I'm utterly fascinated by the Harry Potter series (and yeah, my daughter turns 10 this year) -- the first book is clearly a children's book. The current one ... is no longer a "children's book". The books seem to be maturing as Harry does. Which is an astounding thing, to me: the narrative style parallels Harry's worldview. Or so it seems to me.
This is what stuck me about Lloyd Alexander's Chronicles of Prydain, back when I read those (as an adult). The Book of Three starts things off nice and Hobbit-like, but by the end of the fifth book, The High King, I was reading with horrified tears.
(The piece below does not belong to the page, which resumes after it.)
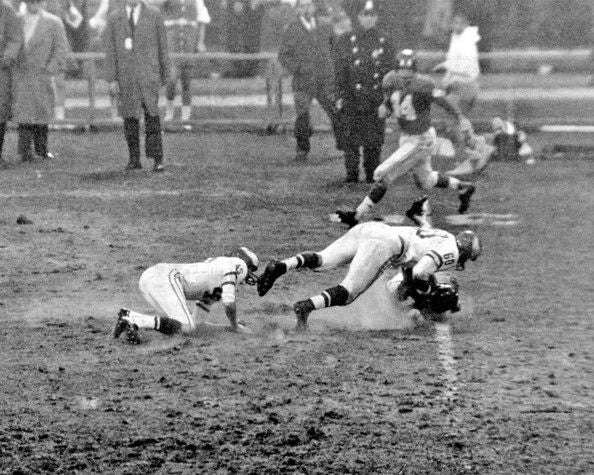 1960 Chuck Bednarik And Frank Gifford Glossy Keychain Philadelphia Print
I don't hear Alexander mentioned much lately; I really recommend these.
"Hootie," eh?
My stepfather always used the longer version, "hootey-pooter."
Teresa--
You suffer a catastrophic computer crash, then a violently ill road trip...and you bounce back with an item as winning as this one.
Any time, this piece would be delightful. This week, it's awe-inspiring.
Paula--
I haven't been down to Fells Point so I don't know the status of any specific businesses, but I did hear that many of them expected to be open on Saturday.
I'm in Baltimore, on higher ground. I had no basement flooding (which I can get in a regular rainstorm), a broken tree branch that hit the car parked next to me instead of mine -- but no power for about 18 hours. So, two out of three.
The biggest problem I had was driving this evening with a lot of traffic lights still out. These become officially four-way stops. Well, forget that...pretty dangerous at all those intersections.
Re the story of Susannah and the elders being "modern" or "timeless," there is a version from 1955 set in Appalachian Tennessee which is apparently about McCarthyism, and much bleaker than the original. It's Carlisle Floyd's opera _Susannah_; I have a version by Kent Nagano with Cheryl Studer as Susannah Polk, and I really like it.